ArcelorMittal Orbit Tower (England)
The crazy, twisting ArcelorMittal Orbit observation tower in London is now complete. The spiraling red steel tower provides views of the Olympic Park, and it was designed by Anish Kapoor, engineered by Cecil Balmond, and sponsored by ArcelorMittal, a sponsor of the London 2012 Olympic and Paralympic Games and a leading global steel company. The tower, which is both a structure and a work of art, has been constructed out of 60% recycled steel and reaches a height of 114.5 meters.

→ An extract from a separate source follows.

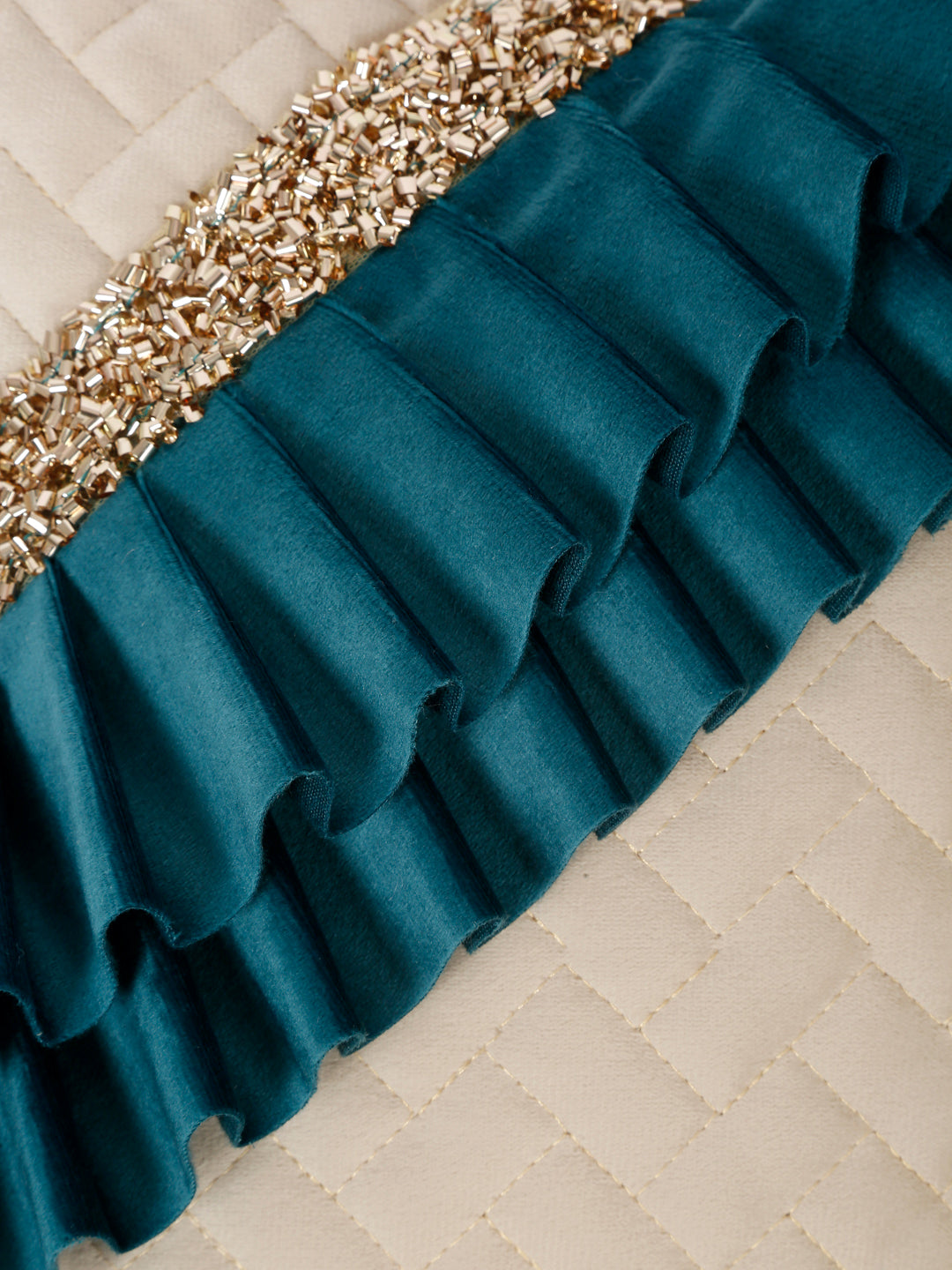 Quilted Velvet Frill Cushion Covers with Zipper image 2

Seljord Lookout Point (Norway)
Lake Seljord is inhabited by a giant eel-like sea monster named Selma who overturns boats and dances on the water -- or so say the residents of Seljord, Norway. Like Nessie, Bigfoot, and the Yeti, there are hundreds of witnesses who have seen Selma in the lake, but there is little credible evidence to prove she is a reality. But that doesn't stop the tourists from visiting the famous Lake Seljord and attempting to catch a glimpse of her. In 2008, the town decided to capitalize on the lore by building a lookout tower for visitors to use while seeking out Selma. Designed by Rintala Eggertsson Architects, the Seljord Lookout Point is made completely of wood and provides a new way for visitors to experience nature and, of course, hunt for sea monsters.
Bamboo Observation Tower (Amazon)
British architects Marks Barfield have designed a research centre for the Amazon Jungle with a bulging bamboo observation tower and over six miles of treetop bridges. The centre would allow both researchers and tourists to survey the rainforest canopy from above. Local bamboo would be used to construct the tower, which is designed as a series of off-center circular decks that are linked by a spiralling central staircase.
Näsinneula Observation Tower (Finland)
Built in 1970-1, the Näsinneula observation tower is the tallest free-standing structure in Finland and the tallest observation tower in the Nordic countries, reaching a height of 168 m. Also, flying past in the foreground is the Tornado inverted coaster.